Work required =
Below are records with pictures; copy word for word only the lines between the line with "Room 9 of 15" and the line with "57708696 :رقم المزاد", inclusive, and drop the pictures.

*** Given data Section Begins ***

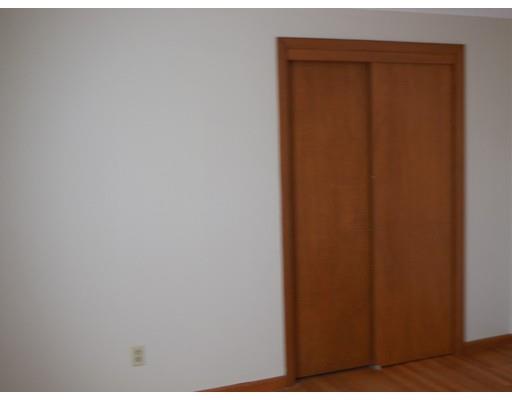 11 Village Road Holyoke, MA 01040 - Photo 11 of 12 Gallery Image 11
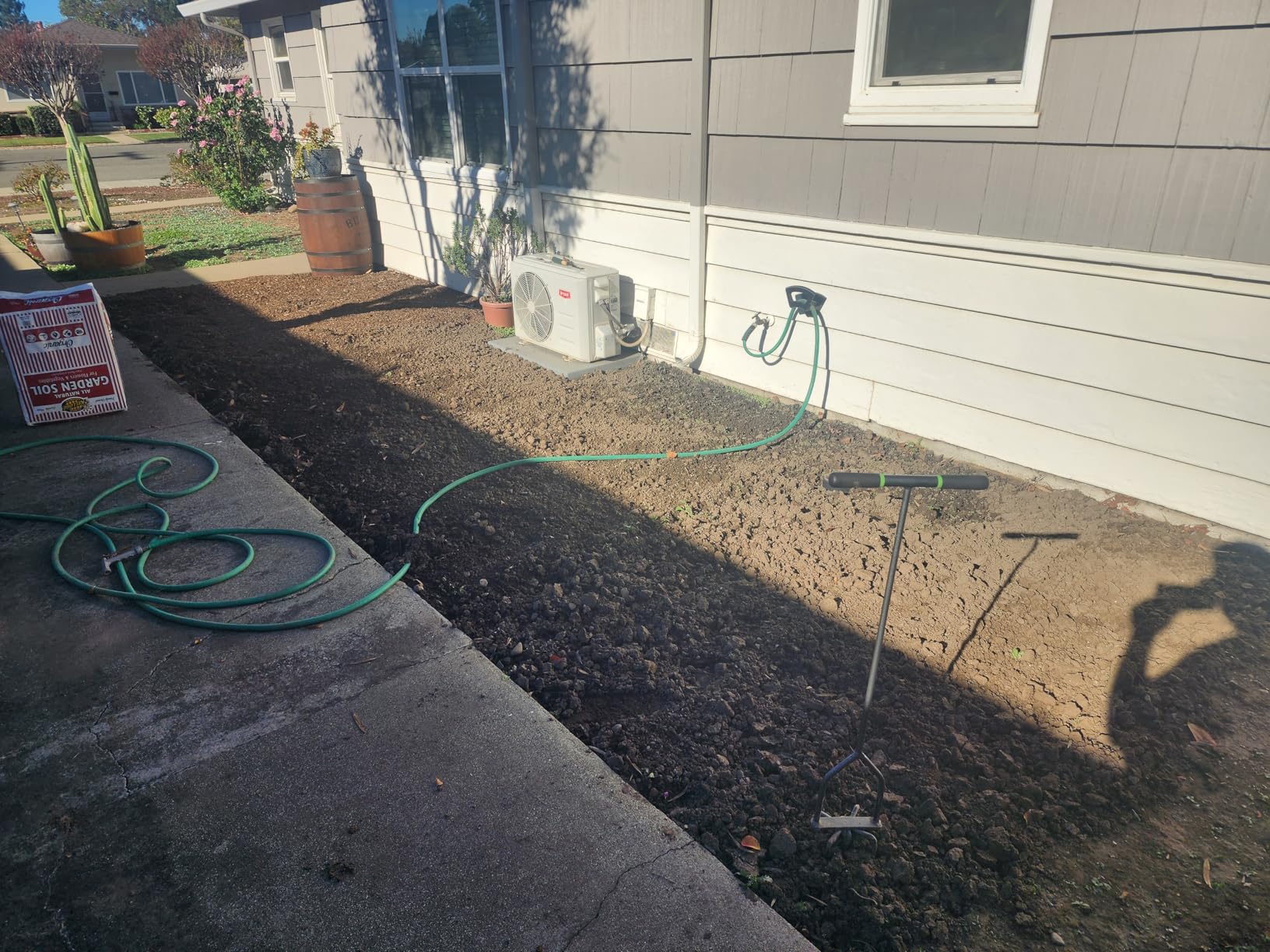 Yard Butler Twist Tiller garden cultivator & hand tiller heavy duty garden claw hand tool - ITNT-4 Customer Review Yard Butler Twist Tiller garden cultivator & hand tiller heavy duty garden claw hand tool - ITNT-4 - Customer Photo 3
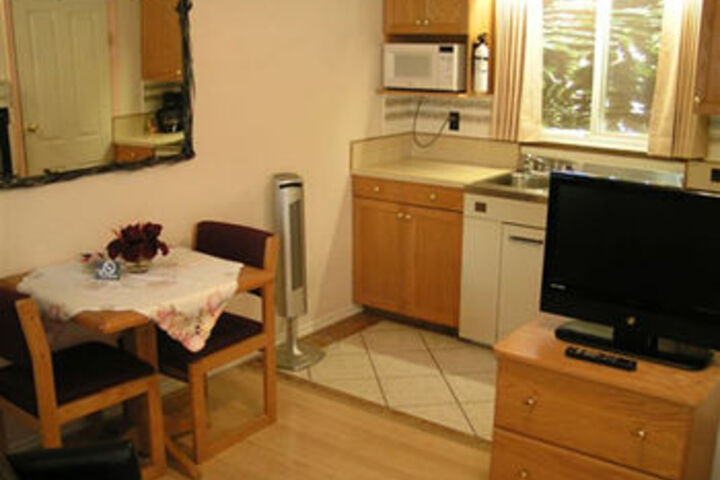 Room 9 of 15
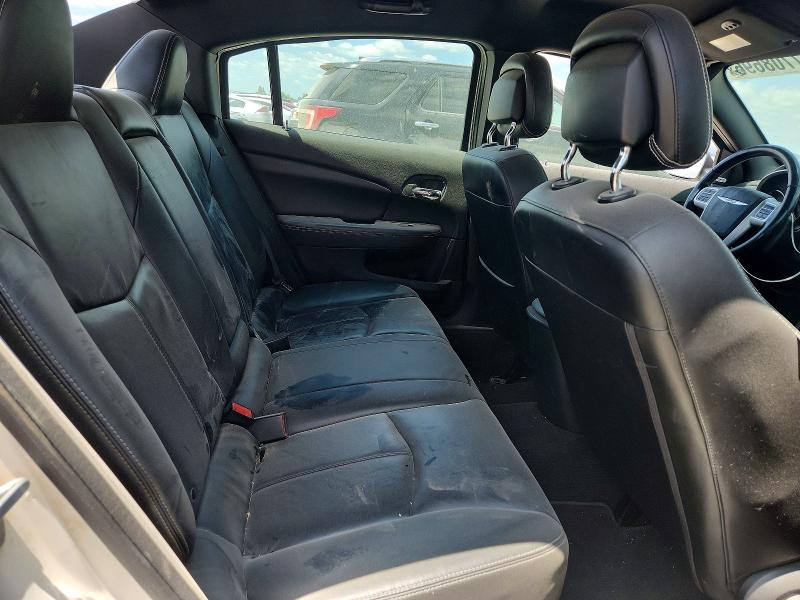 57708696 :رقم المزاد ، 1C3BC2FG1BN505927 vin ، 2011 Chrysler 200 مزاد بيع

*** Given data Section Ends ***
*** Given data Section Begins ***

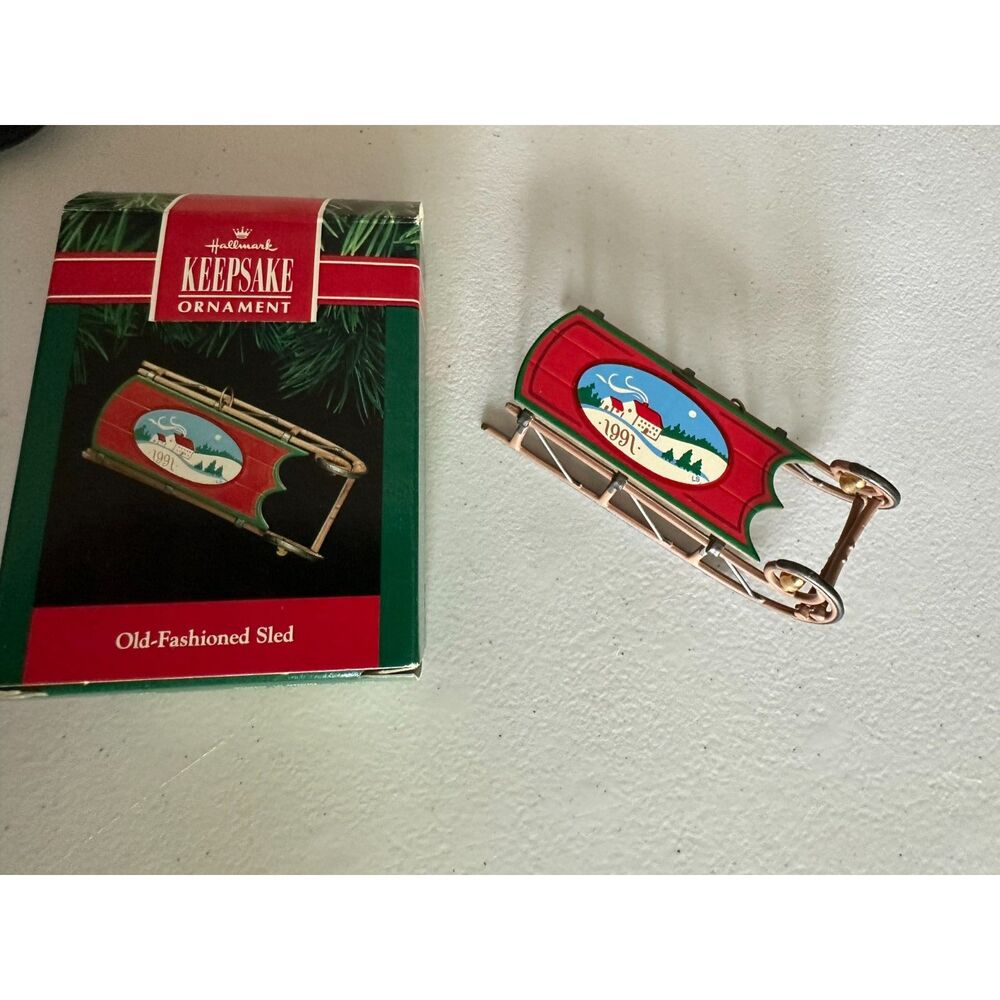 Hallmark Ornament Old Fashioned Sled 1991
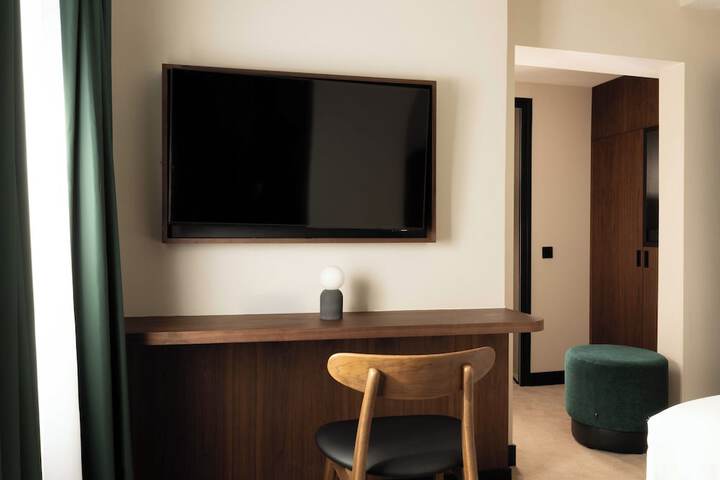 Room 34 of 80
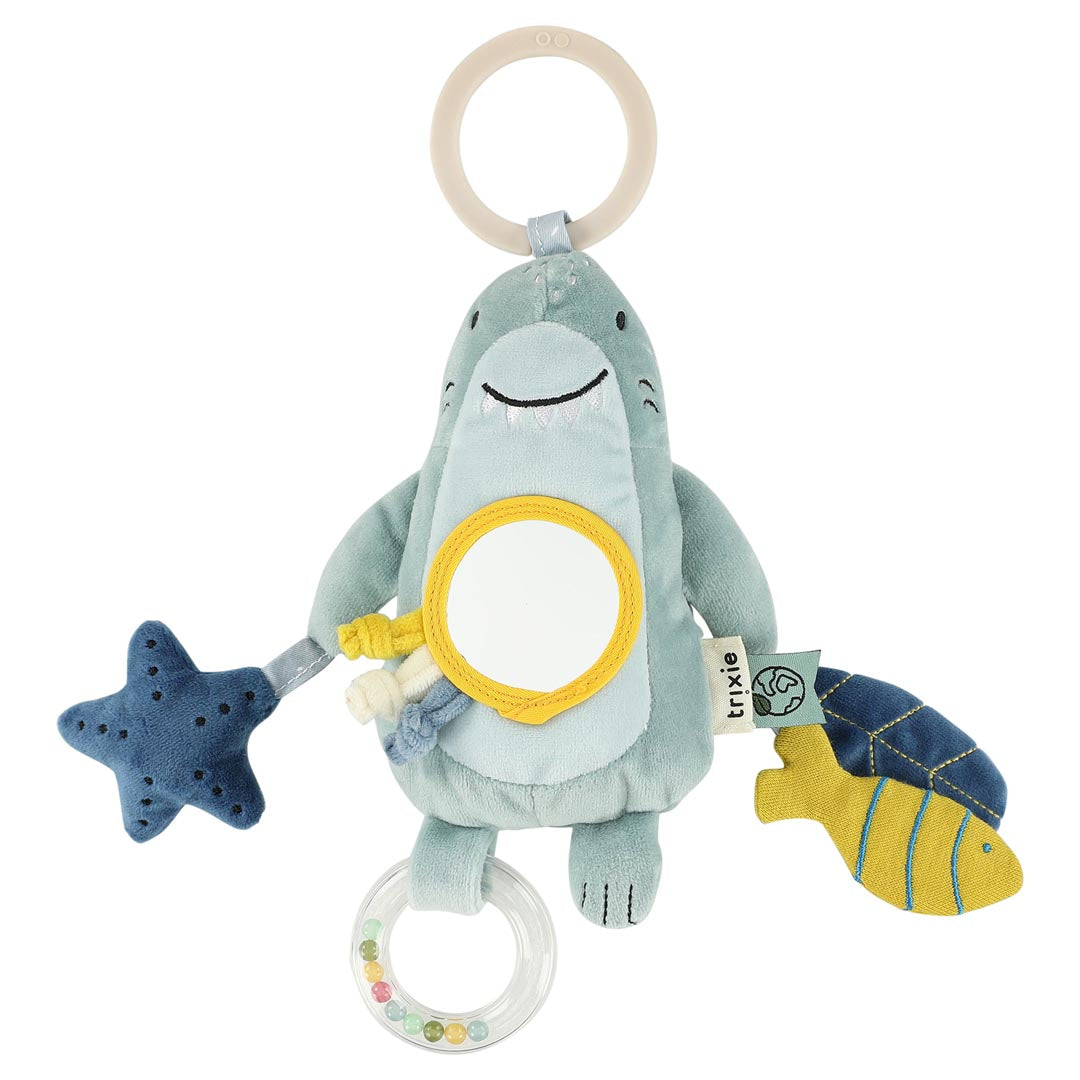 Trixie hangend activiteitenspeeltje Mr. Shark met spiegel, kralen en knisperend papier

*** Given data Section Ends ***

Written reply =
 Room 9 of 15
 57708696 :رقم المزاد ، 1C3BC2FG1BN505927 vin ، 2011 Chrysler 200 مزاد بيع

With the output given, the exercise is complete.